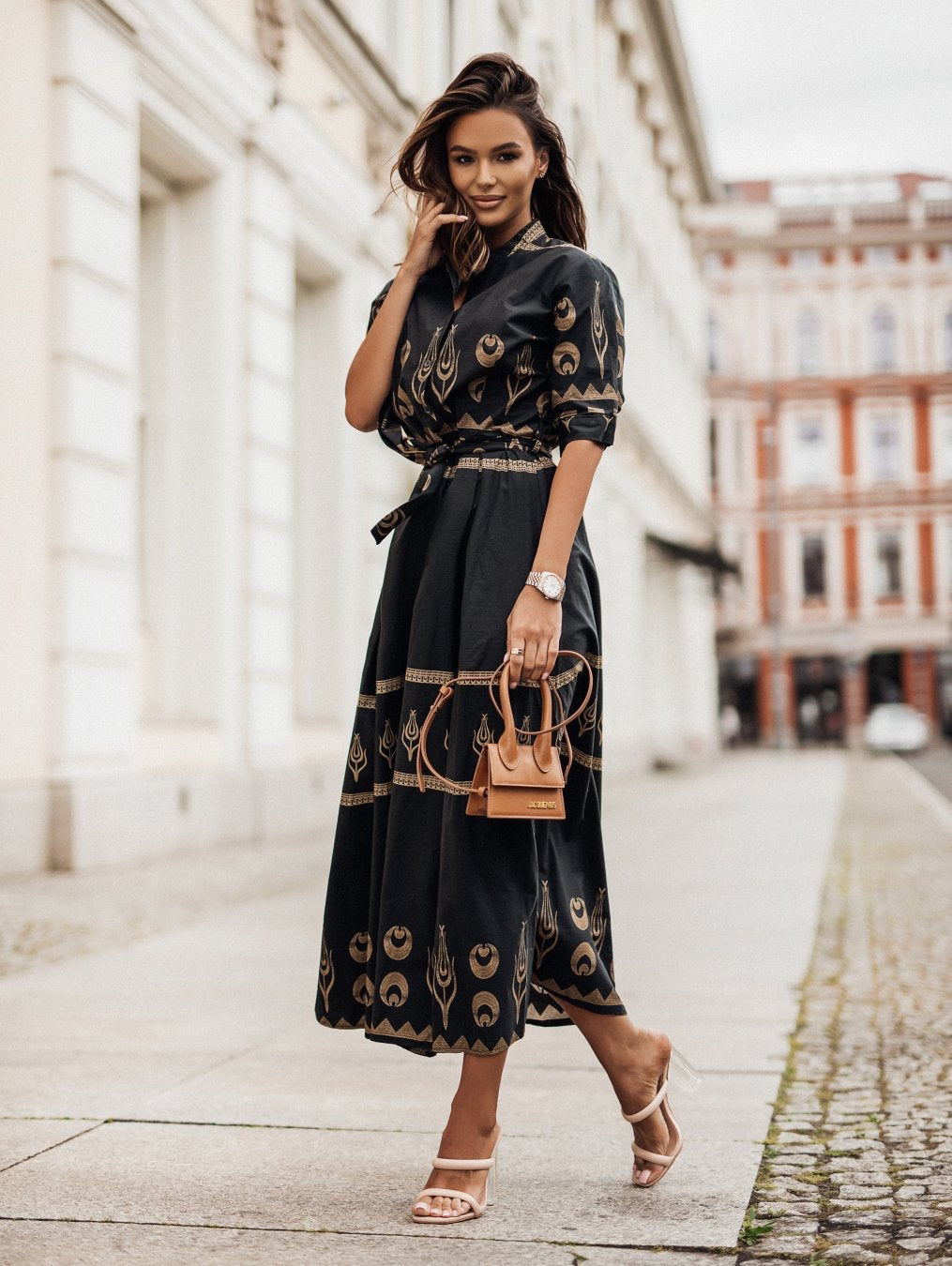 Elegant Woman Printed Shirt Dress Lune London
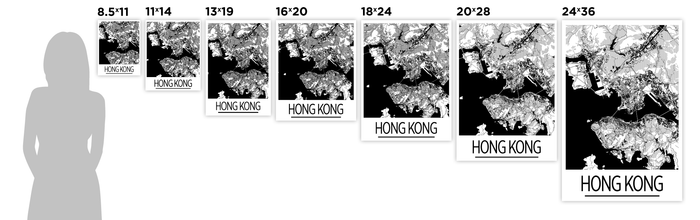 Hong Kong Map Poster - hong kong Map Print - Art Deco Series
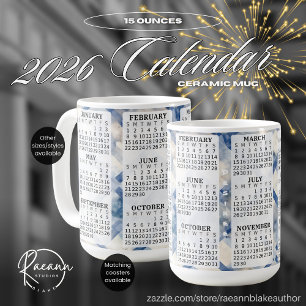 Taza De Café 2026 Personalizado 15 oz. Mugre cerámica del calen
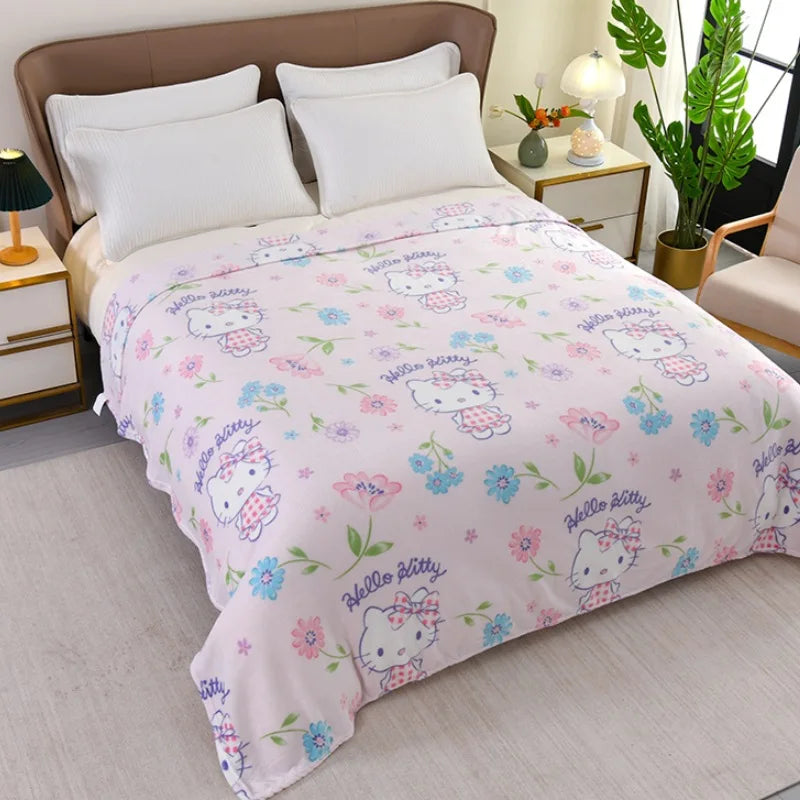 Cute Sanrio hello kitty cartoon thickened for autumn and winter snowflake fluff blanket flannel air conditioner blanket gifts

::::::::

[TASK GOAL] Restate exactly the lines that start at the "Taza De Café" line and end with the last line of the material above, leaving out the pictures.

[TASK SOLUTION]
 Taza De Café 2026 Personalizado 15 oz. Mugre cerámica del calen
 Cute Sanrio hello kitty cartoon thickened for autumn and winter snowflake fluff blanket flannel air conditioner blanket gifts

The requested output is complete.